Potential routes forward
Central banks and supervisors are expected to increase their efforts in addressing nature-related risks. This may involve incorporating nature-related stress tests into regular assessments, promoting disclosure of nature-related risks by financial institutions, and providing guidance on integrating these risks into financial decision making.
Despite the similar characteristics of climate and nature-related risks, there are crucial differences; there is no biodiversity equivalent for specific targets such as the 1.5˚C threshold. To combat such challenges, various solutions have been proposed in the form of what the NGFS and Inspire call “narrative approaches”.

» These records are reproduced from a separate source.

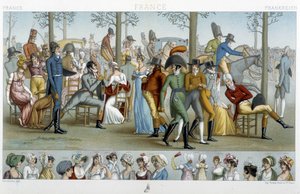 ロンシャンに向かうブルジョワたち。19世紀、ラシーネの「Le costume historique」に掲載されている。 作： Albert Charles August Racinet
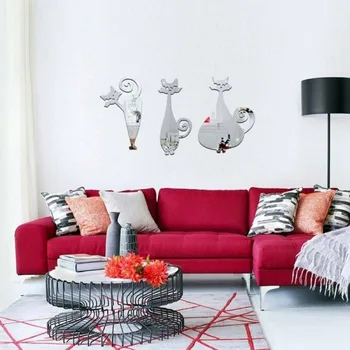 

Cat Shape Mirror Wall Stickers Removable Self Adhesive Decal Home Room Art Decors espelho adesivo Bedroom Decor Mirror Sticker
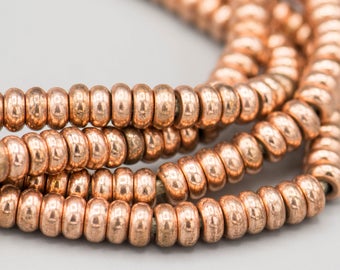 250 Copper Rondelle Beads. Big hole 5mm  Copper Beads. MB-48-C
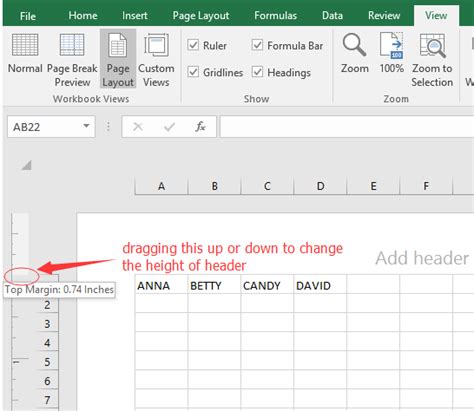 change header size in excel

To develop narratives for transition and physical shocks, one can start with an inventory of existing biodiversity policies or invent hypothetical policies and transformative changes to mitigate biodiversity loss. For instance, envisioning a system where businesses pay for their biodiversity footprint, akin to carbon pricing. In the context of physical shocks, scenarios involving biodiversity tipping points being crossed can be constructed, as seen in practices by the World Bank and De Nederlandsche Bank.
Just recently, 27 of the world’s largest nature conservation organisations, institutes, business and finance coalitions came together to launch a new initiative aimed at delivering the Nature Positive Initiative, which seeks to halt and reverse biodiversity loss by 2030 from a 2020 baseline.
The rise of ecological economics is certainly not yet mainstream, but there is clearly diverse support for such a paradigm shift.
This article was amended to correct the meaning of the acronym Leap.